Thursday, November 15, 2007

Olmert: trader of land for terror.

I don't like pasting entire articles from other sources, but when it is as important as this, I can't help myself.

- special thanks to the Lekarev Report

In the largest planned anti-Jewish expulsion plan since the Nazi deported the Jews of Poland, the government of Ehud Olmert has apparently agreed to expel more than a hundred thousand Jews from their homes and destroy their communities in Judea and Samaria. In his first meeting with representatives of the Yesha settlement movement in the nearly two years he has been in office, Olmert made it clear that secret deals with the US and the Palestinians would mean a total freeze in the growth of homes and communities in Israel's biblical heartland.
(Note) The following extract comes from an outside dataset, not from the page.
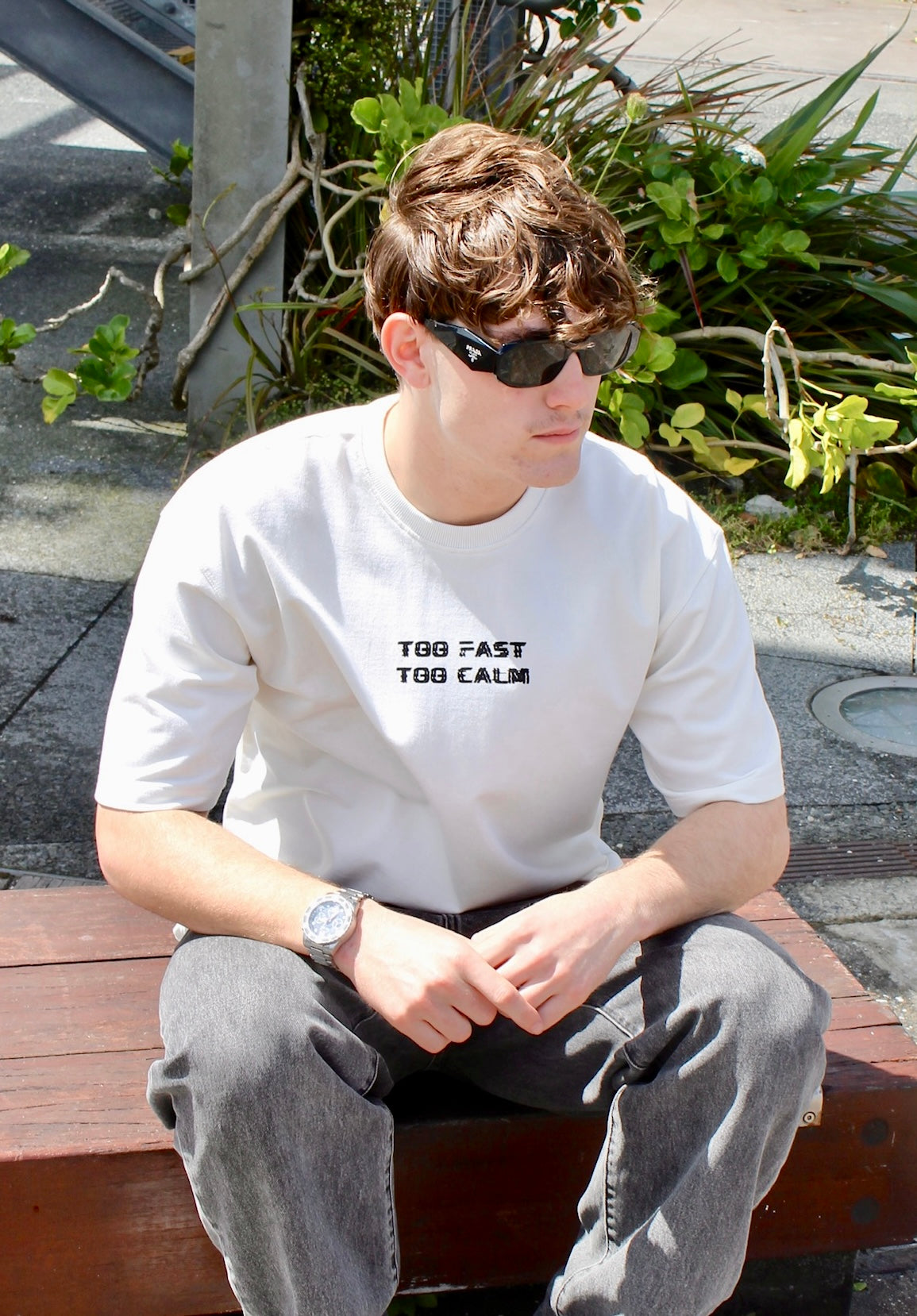 Too Fast Too Calm Heavyweight Tshirt oversize fit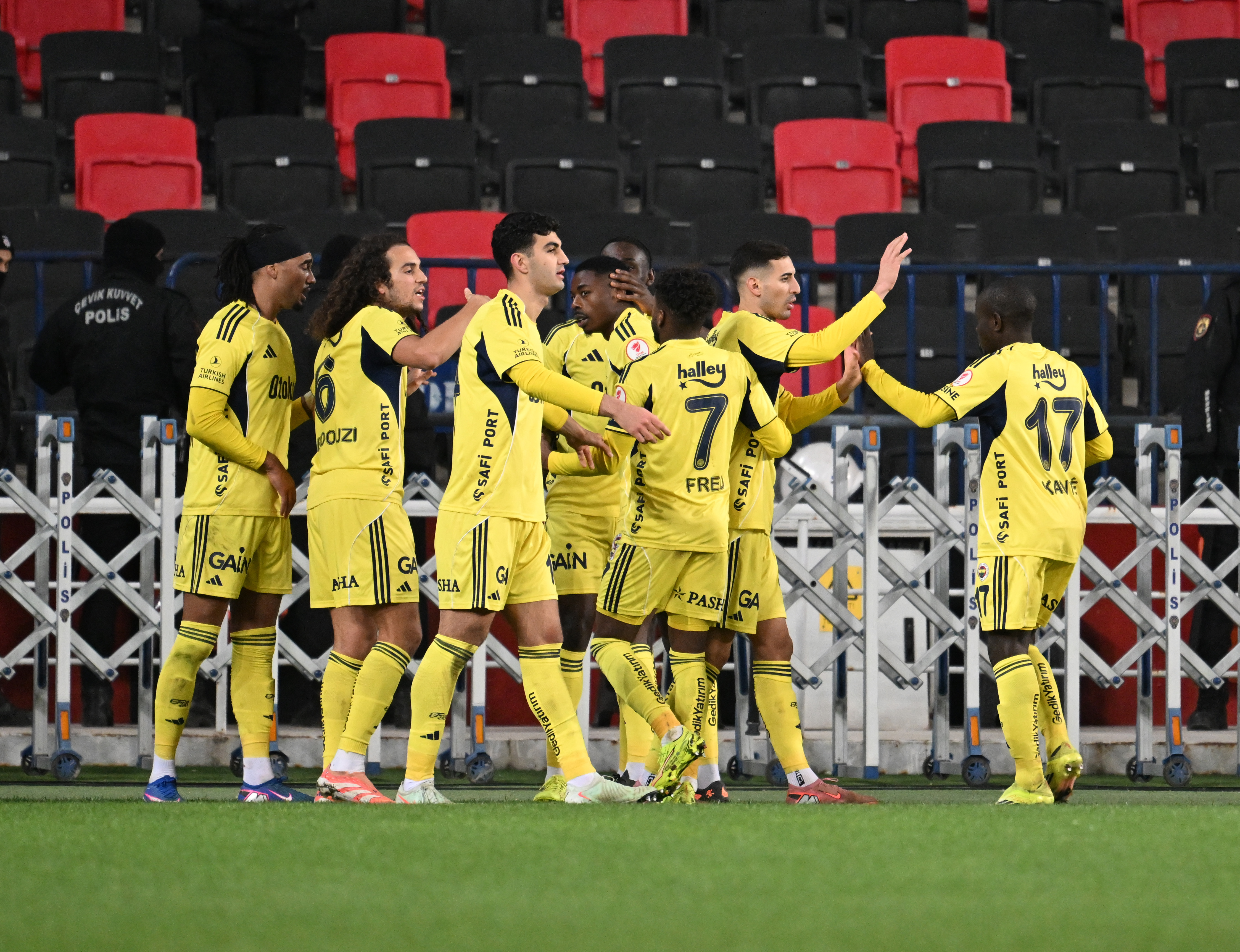 Geç başlayan maçta Fenerbahçe coştu: Tur 4 golle geldi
Olmert reportedly told them that "the first stage of the road map speaks of dismantling outposts and freezing settlements, and that's a document that all Israeli governments, including Likud ministers, have accepted." Sharon, who founded the Kadima Party that Olmert now heads, was a member of Likud when Israel accepted the road map.

However, Olmert was telling only a half-truth: the Israeli government of the time only approved the Road Map with a list of some 13 qualifications. Israel under Sharon never referred to or insisted on the qualifications. More significantly however, neither Sharon nor Olmert proceeded on the Road Map because the Palestinians have never fulfilled their obligations such as dismantling terror organizations and stopping terrorism.

Despite this continuing failure by the Palestinians to meet their obligations, Israel is expected to announce - apparently with no quid pro quo - prior to the planned Annapolis conference, a formal and total freeze on Jewish construction in Judea and Samaria (Yesha). Danny Dayan, head of the Yesha Council of Jewish Communities in Judea and Samaria, told Arutz-7 on Tuesday after a meeting with the Prime Minister -- the first, by the way, with Yeshua residents - that he was horrified to learn that the settlement freeze had become "official policy," and not just a means by which to pressure the residents of Yesha.

According to Dayan, the freeze is currently total, "including kindergartens, caravans for schools, and lack of consideration for natural growth." Yet when he described this situation to Olmert, Dayan said, "he just sat there and didn't say a word."

Dayan said the settler leaders also warned Olmert that "expelling more than 100,000 people from their homes," as withdrawing from most of the West Bank would entail, "is not even slightly similar to expelling 10,000 people from their homes in Gush Katif two years ago. It's like comparing a flood in Pardes Hannah to a giant tsunami ... Such an expulsion would break the back of Israeli society. More and more population groups would feel alienated from the state and its institutions. It would be nothing like what we went through in Gush Katif."

During the hour-long meeting at Olmert's office in Jerusalem, the premier spoke rarely, but was quoted as giving one concluding speech: "I see the future in a slightly different way than you do," he said. "I know that in order to ensure a future for Israel as a Jewish democratic state, we will have no choice but to make some concessions. I feel that on this point I am embroiled in a heartbreaking disagreement with your public, a public that I myself was part of."